Mais c’est aussi dans cette cave que Dominique Tarlé affirme être tombé sur une malle avec une croix gammée dessus. « C’était une caisse contenant de la morphine, m’a-t-il assuré« , raconte Benoit Jarry. Une malle, selon le photographe qui expliquera à d’autres personnes en avoir trouvé plusieurs, finira à la mer.
Une villa aujourd’hui estimée à plus de 125 millions d’euros…
Un demi-siècle après cet été mythique, la villa appartient à un oligarque russe Viktor Rashnikov, l’un des plus grands producteurs d’acier au monde, dont la fortune personnelle est estimée à plus de 10 milliards d’euros. « C’est lui qui l’a acheté, mais c’est sa fille Olga Rashnikova qui la gère », détaille celui qui a été journaliste à RMC dans les années 90.
Venu pour une journée, Dominique Tarlé aura passé l’été à Nellcote à photographier les Rolling Stones.
Photo Dominique Tarlé.
La villa, achetée plus de 80 millions d’euros en 2007, est aujourd’hui estimée à plus de 125 millions d’euros. « Ils ont fait près de 25 millions d’euros de travaux depuis et ils ont surtout acquis une villa attenante », poursuit l’auteur. Sur les vues aériennes, une belle piscine, de « 18 mètres de long sur 7 de large » est visible. Tout comme le parc d’un hectare qui va avec. « C’est un beau domaine ». Un beau domaine qui n’a pas échappé au ministère de l’Economie.
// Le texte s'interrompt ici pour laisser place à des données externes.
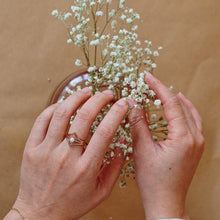Load image into Gallery viewer, Pearl Ring - June Birthstone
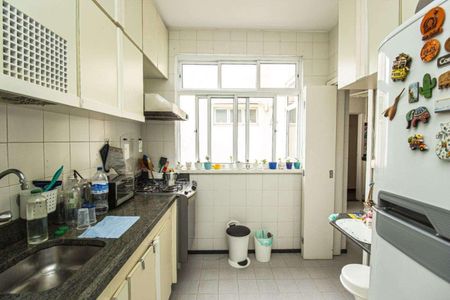 Apartamento à venda com 140m², 3 quartos e 1 vaga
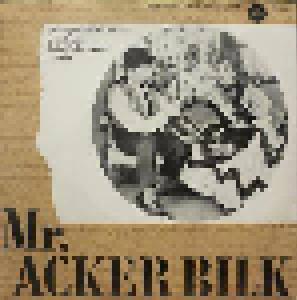 Mr. Acker Bilk: Mr. Acker Bilk - Cover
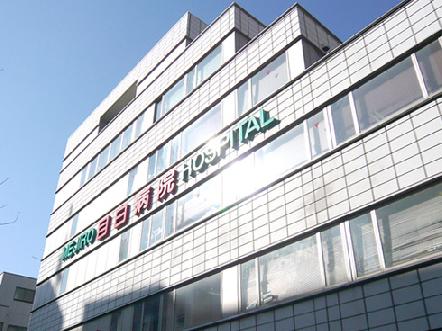 地域の枠を越え、都心の急性期を担う。組織力の良さが救急医療の原動力。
… qui n’a pas échappé à l’œil de Bercy
Si l’oligarque russe a échappé à la première salve de sanctions de la part de Bercy, il n’a pas échappé à la seconde. Depuis le 13 avril, Nellcote fait partie des biens des oligarques russes gelés. Et Benoît Jarry de faire remarquer ce doux parallèle. « À l’époque, la villa construite par le viticulteur avait déjà été saisie par l’Etat ». Une villa construite à l’origine pour accueillir ses amis allemands, suisses… et russes.
(*) Nellcote et les Rolling Stones, la véritable histoire d’une villa mythique, de Benoit Jarry et Florence Viard, aux éditions Le mot et le reste.